Let's say I want to explicitly calculate the intersection multiplicity of two subvarieties of $\Bbb A^n_k$ using Serre's Tor-formula (involving as little homological algebra as possible).
A typical example [Hartshorne, p.428] consists of two planes in $\Bbb A^4_k$ (we can assume $k$ algebraically closed, if needed) meeting at a point, $X=V(I)$, with $$I=(x,y)\cap(z,w)=(x,y)(z,w)=(xz,xw,yz,yw)\subset R=k[x,y,z,w],$$ intersecting with a third plane $Y=V(J)$, with $J=(x-z,y-w)$.
The "naive", scheme-theoretic intersection is given by
$$\frac{R}{I+J}=\frac{k[x,y,z,w]}{(xz,xw,yz,yw,x-z,y-w)}\cong \frac{k[x,y]}{(x^2,xy,y^2)},$$
which has length 3 (while, clearly, we expect the intersection multiplicity to be 2).
Serre's formula gives us the correct multiplicity by defining
$$i(X,Y)=\sum_i (-1)^i \operatorname{length} \operatorname{Tor}^R_i(R/I,R/J).$$
- We know that for $i=1$, $\operatorname{Tor}^R_1(R/I,R/J)=(I\cap J)/{IJ}$. How do we compute this quotient conveniently?

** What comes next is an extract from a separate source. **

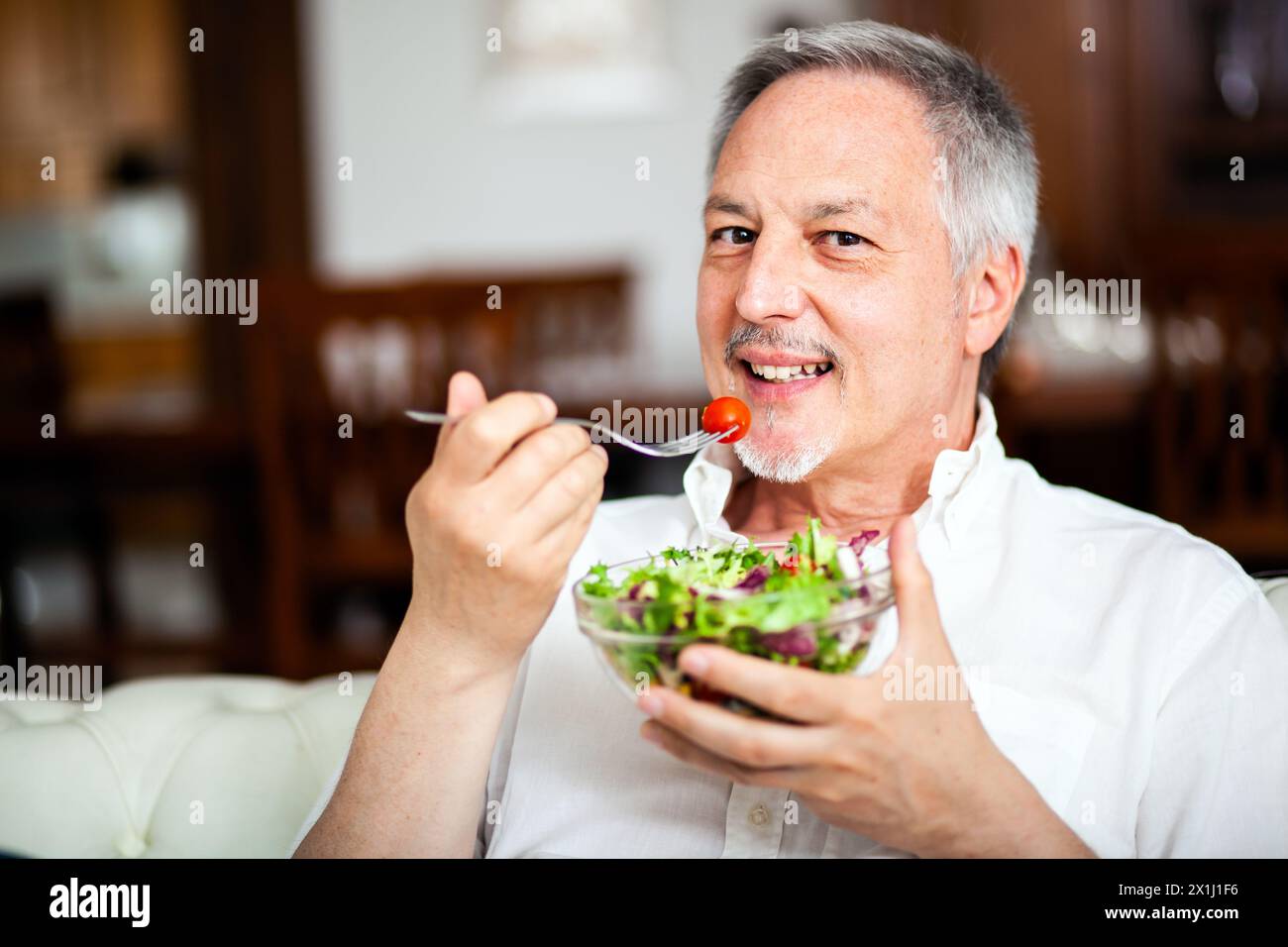 Smiling mature man savors a healthy bowl of salad indoors Stock Photo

(Embarassingly enough, I'm having some trouble calculating generators for $I\cap J$.)- What do we know about $\operatorname{Tor}_i$ for $i\geq 2$?

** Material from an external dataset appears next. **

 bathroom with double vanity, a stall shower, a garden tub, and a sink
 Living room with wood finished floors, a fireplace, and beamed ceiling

I couldn't think of any way to compute $I\cap J$ in general other than by using Groebner basis (probably since it is my favorite). Probably you already know this but the idea is to compute the ideal $tI+(1-t)J$ and eliminate the variable $t$ by lex-order.
This way, we can compute $I\cap J =(yz-xw,y^2w-yw^2,xyw-xw^2,x^2w-xzw,x^2z-xz^2)$ and since all of its generators except $yz-xw$ are in $IJ$, $I\cap J /IJ$ is generated by $yz-xw$.

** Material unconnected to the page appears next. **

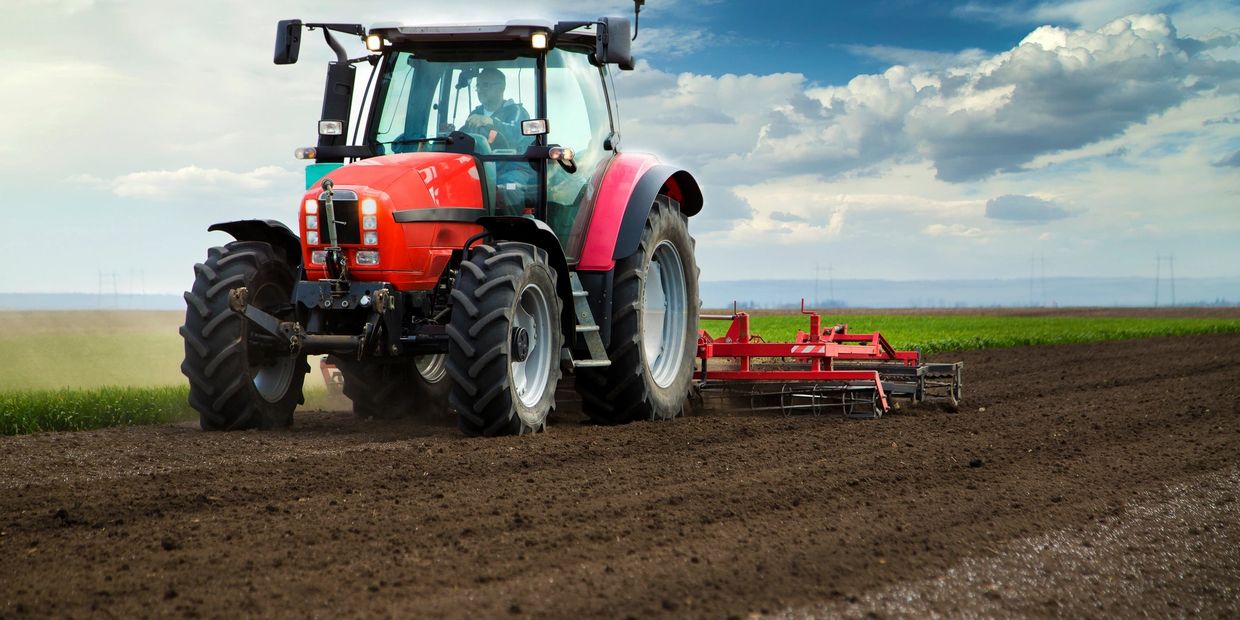 Red tractor tilling soil on a farm under a cloudy sky.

For computing higher Tor, we can consider the short exact sequence $0\to J\to R\to R/J\to 0$, which induces the long exact sequence on Tor, and note that $\operatorname{Tor}^R_i(R/I,R)=0$ for $i\ge 1$, we have that $$\operatorname{Tor}^R_{i+1}(R/I,R/J)=\operatorname{Tor}^R_i(R/I,J) , \quad \forall i\ge 1.$$
The free resolution for $J$ is $\ldots \to 0 \to 0 \to R^1 \to R^2 \to J \to 0$, so $\operatorname{Tor}^R_i(R/I,J)=0$ for all $i\ge 2$.
Lastly, to compute $\operatorname{Tor}^R_{2}(R/I,R/J)=\operatorname{Tor}^R_1(R/I,J)$, consider the short exact sequence $0\to I\to R\to R/I\to 0$, we have that $\operatorname{Tor}^R_1(R/I,J) = \operatorname{Ker}(I\otimes J \to R\otimes J) =0 $.